Data manipulation is one of the most important and critical part of Data Science.It is the 3rd step in the overall process of CRISP-DM.
CRISP-DM : Cross Industry Standard Process for Data Mining.
Data preperation/manipulation is the process where data is rearranged, manipulated and prepared for the Analysis to be fed into Model.
We have been given data for 2 airlines which fly to certain cities with thier arrival times, whether OnTime or Delayed.Create a csv file with the data and manipulate the data to do analysis and infer about the delay arrivals for both airlines and summarize the same at end.
The R packages used for the solution are as below.
* dplyr
* tidyr
* stringr
* graphics
* kableExtra
Using read.csv function we populated df_airlines from airlines csv. KableExtra package was used for styling the table to display the loaded airline data in tabular form. Gather funtion from tidyr package was used for transforming wide table structure to long table structure. We gathered coulmns “City” and “NoofTimes”.
Next Using arrange function from dplyr package, we sorted data on column ‘Airlines’ As analysis needs to done on arrival delayed for both airlines for each city,using spread function from tidyr package on the arrival column to get two different columns for Ontime and delayed .Using mutate function we added three new columns to the table one for percentage delayed , percentage of flights on Time and one for total number of flights.
All this functions gave as final table structure to draw analysis graphs. As graphs needs to be plotted for two different airlines we subset table for two airlines.
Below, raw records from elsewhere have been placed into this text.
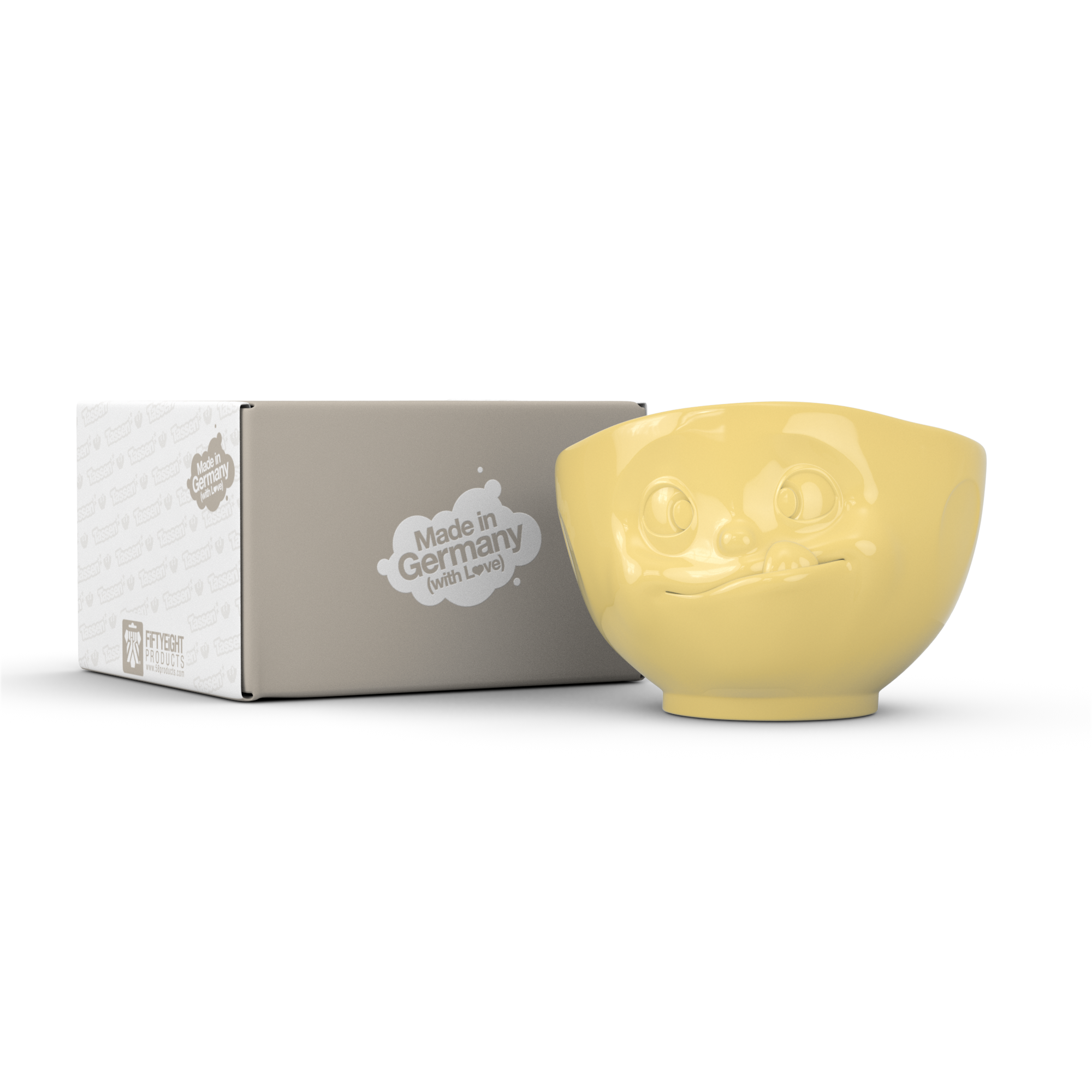 Tasty Face - Yellow 16 oz. Bowl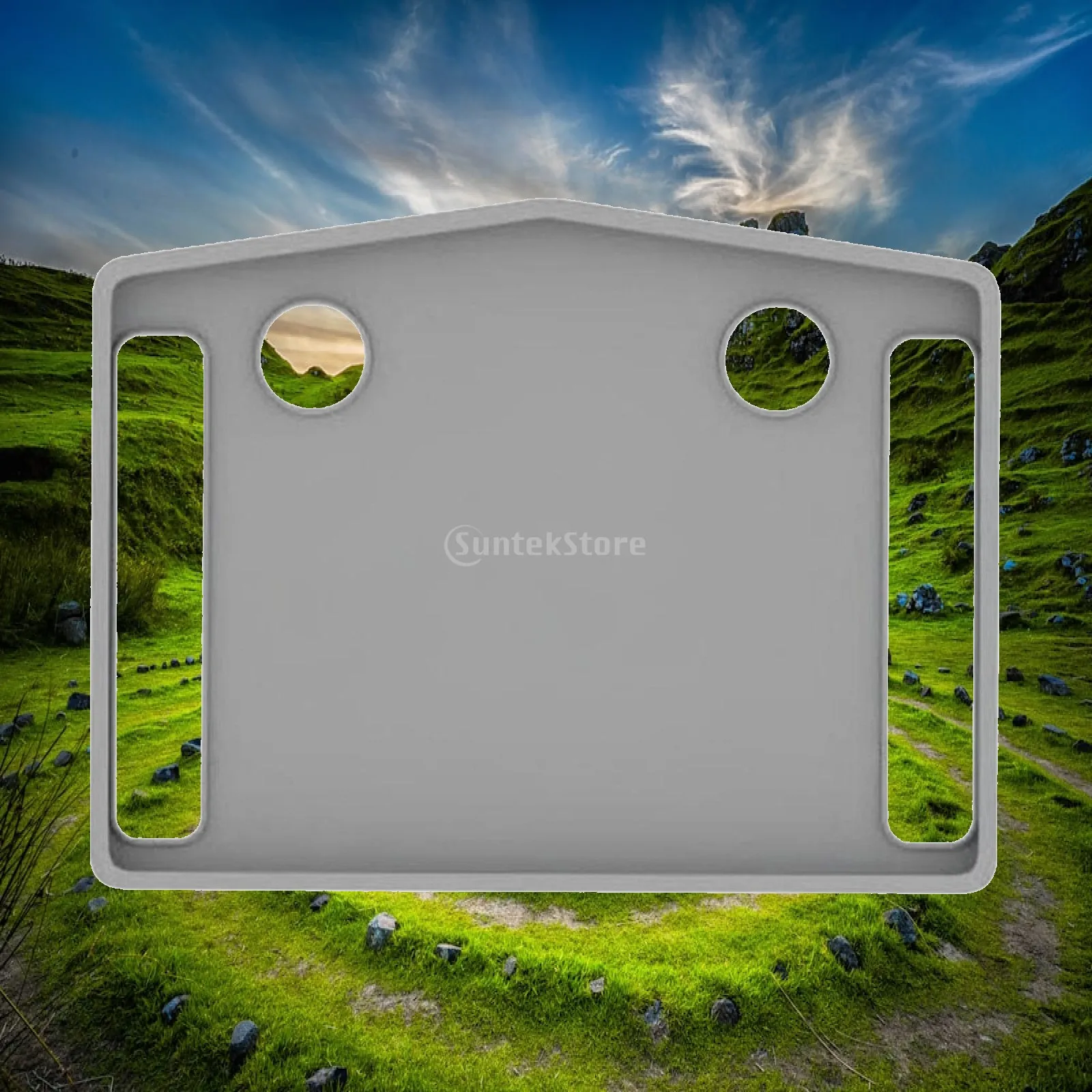 Stable Surface Walker Tray with Built in Cup Holders Detachable Dining Table for Mobility Support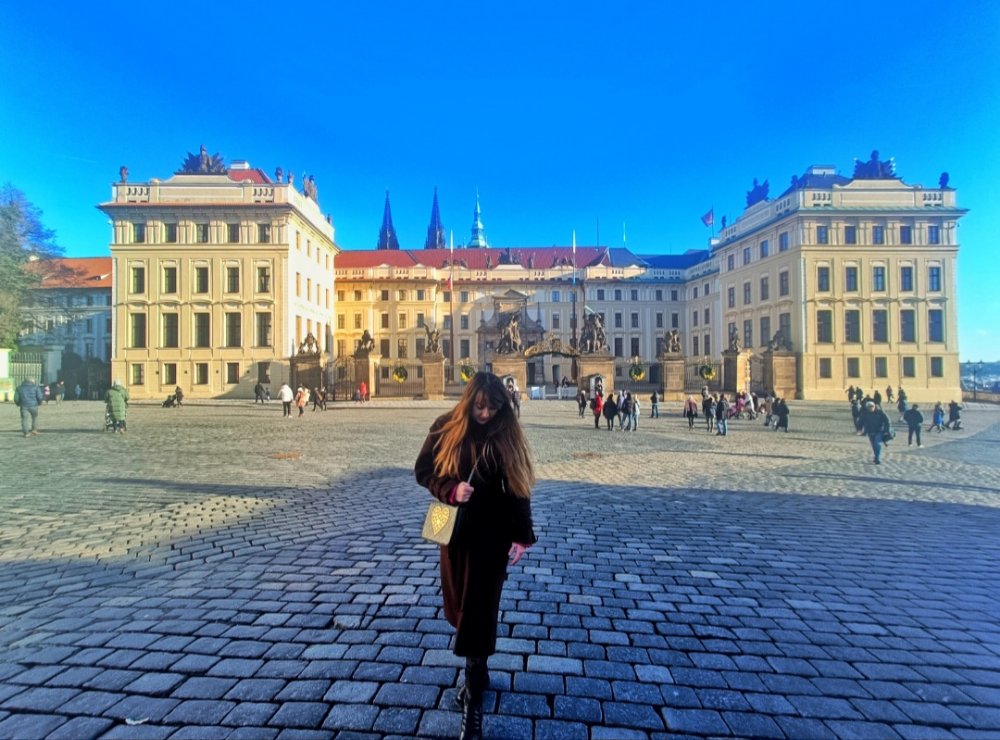 Hradczany z zamkiem oraz gotycką katedrą św. Wita, św. Wacława i św. Wojciecha (św. Adalberta)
Alaska and AM West.
df_airline <- read.csv("airlines.csv",header = TRUE,sep=",")
kable(df_airline) %>%
kable_styling(bootstrap_options = c("striped","hover","condensed","responsive"),full_width = F,position = "left",font_size = 12) %>%
row_spec(0, background ="gray")
Airlines | Arrival | LosAngles | Phoenix | San_Dieago | Sanfrancisco | Seatle |
---|---|---|---|---|---|---|
Alaska | OnTime | 497 | 221 | 212 | 503 | 1841 |
Alaska | Delayed | 62 | 12 | 20 | 102 | 305 |
AM West | OnTime | 694 | 4840 | 383 | 320 | 201 |
AM West | Delayed | 117 | 415 | 65 | 129 | 61 |
longData <- gather(df_airline,"city","NoOfTimes", 3:7)
longData <- arrange(longData,Airlines)
finaltabDF <- spread(longData,Arrival,4)
finaltabDF <- select(finaltabDF , 1:4 ) %>%
mutate(TotalPerRow = (Delayed + OnTime)) %>%
mutate(PercDelayed = (Delayed/TotalPerRow)*100) %>%
mutate(PercOnTime = (OnTime/TotalPerRow)*100)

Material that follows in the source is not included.